■ ASSIGNED TASK
Leave the pictures out. Retype exactly the lines below from the one containing "Oversize Floral Knit" through the one containing "Oxidised Gold Finished", and no others.

■ PROVIDED INFORMATION
────────────────
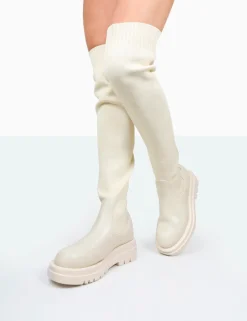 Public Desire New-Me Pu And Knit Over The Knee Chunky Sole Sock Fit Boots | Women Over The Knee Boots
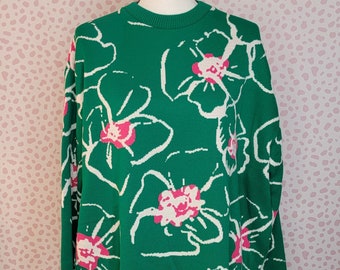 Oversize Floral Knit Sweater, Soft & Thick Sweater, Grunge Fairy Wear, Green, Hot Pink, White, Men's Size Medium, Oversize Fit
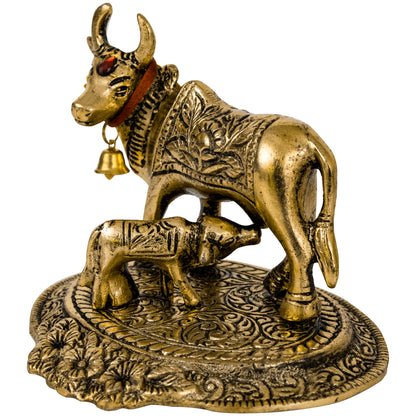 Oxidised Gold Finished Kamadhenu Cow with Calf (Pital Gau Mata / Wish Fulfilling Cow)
────────────────
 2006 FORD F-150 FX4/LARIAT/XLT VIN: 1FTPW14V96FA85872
────────────────
■ ANSWER SECTION
 Oversize Floral Knit Sweater, Soft & Thick Sweater, Grunge Fairy Wear, Green, Hot Pink, White, Men's Size Medium, Oversize Fit
 Oxidised Gold Finished Kamadhenu Cow with Calf (Pital Gau Mata / Wish Fulfilling Cow)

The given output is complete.